There has been a lot of media coverage about bank branches in the UK over the past few months - from closures by the high street banks to the launch of Halifax's new flagship London branch (our own Lorraine Barnes has spoken to the media on this development here and here). 

So is this flash 'store' concept the solution to the declining branch problem in the UK and will it threaten the new digital entrants? Will it bring the footfall back from the smartphones? Claer Barrett has visited the new Halifax branch and appears impressed with what she saw. 

This idea of modernising branches builds upon the creation of banking 'stores', which gained popularity in the 2000s, particularly in Australia, where security windows were removed, colourful couches added, brochures overhauled and shopping bags provided for carrying 'purchases'. Staff were even told to stop saying 'branch' and use 'store' instead. That work fell over a bit because it was ultimately just giving branches a new lick of paint. Halifax have taken it a step further by adding a community element - a cafe, classes on finance, coding courses for the kids etc.  

So, does the creation of this city store fundamentally threaten the digital players, who have attracted city-based early adopters with mobile-centric lives? I'm not convinced it does, but it's early days. Admittedly, the start-up audience does tend to be quite price conscious, so maybe Halifax's cheap in-store coffee might be enough to pull them back! 

However, could the wider topic of branch closures actually be a chance for the start-up banks to grow their footprints in rural communities? If a village no longer has a branch, will they go mobile? 

There are challenges for the start-ups outside of the very low switching rates in the UK (which I recently touched on).
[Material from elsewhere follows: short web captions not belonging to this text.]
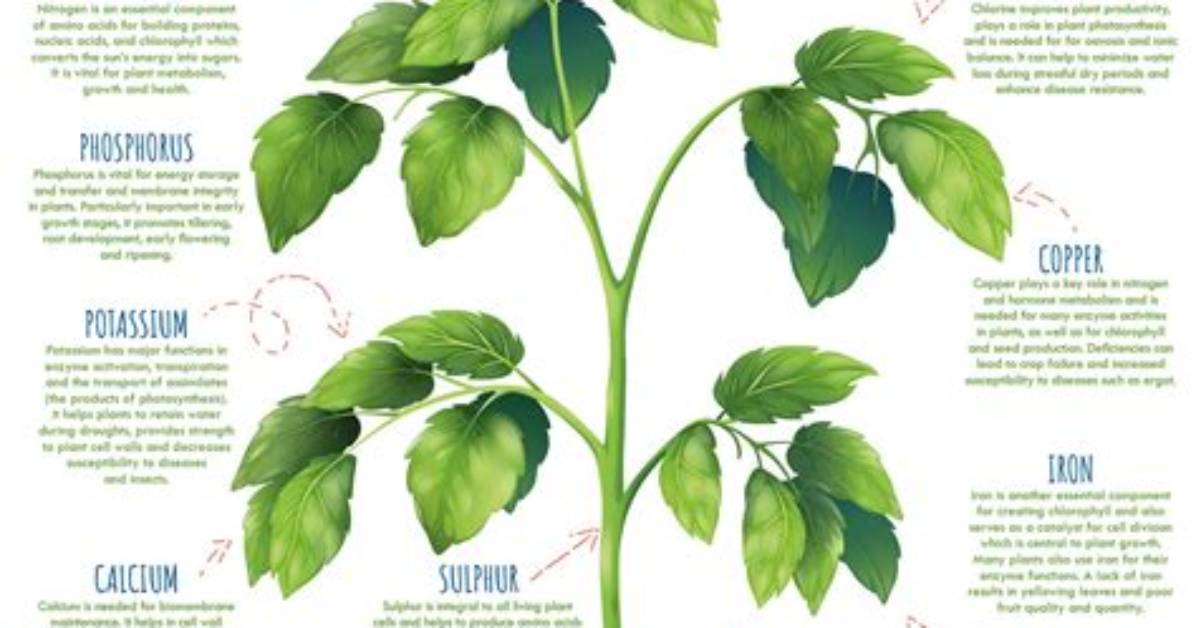 Why Do Plants Need Nutrients?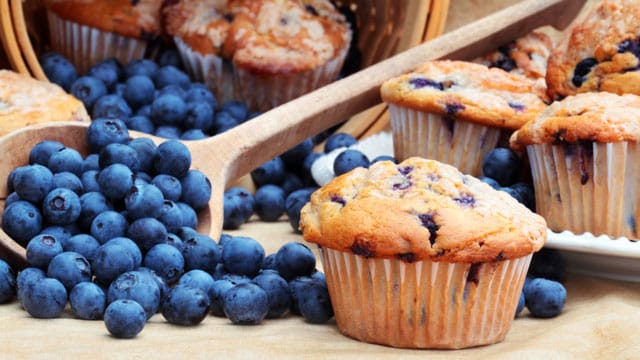 Der süße Teig der Muffins harmoniert perfekt mit den fruchtigen Blaubeeren.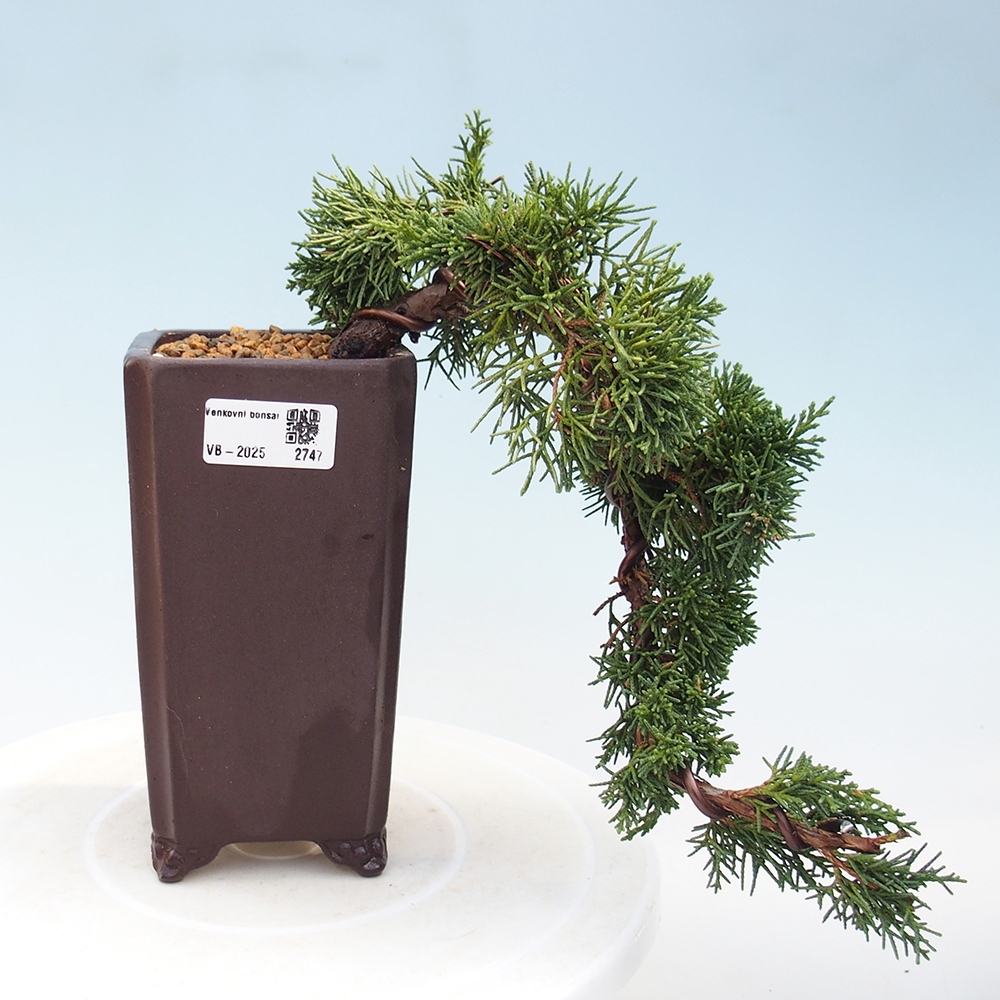 Venkovní bonsai - Juniperus chinensis Kishu -Jalovec čínský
Rural banking customers are almost half as likely to use mobile banking services if a branch in their area closes (as highlighted by the FCA's Financial Lives report), they have lower internet familiarity and face poorer internet speeds. But what does it take for a banking customer to actually pull the trigger (or thumb) and switch? We're doing some exploratory work at the moment to try and identify the tipping point which we hope to have ready in a few weeks. 

In the meantime, I can only speculate. The start-ups have relied on word of mouth and take-up of their services have been quite city-centric to date. Perhaps this could be the time for them to start regionalising their marketing?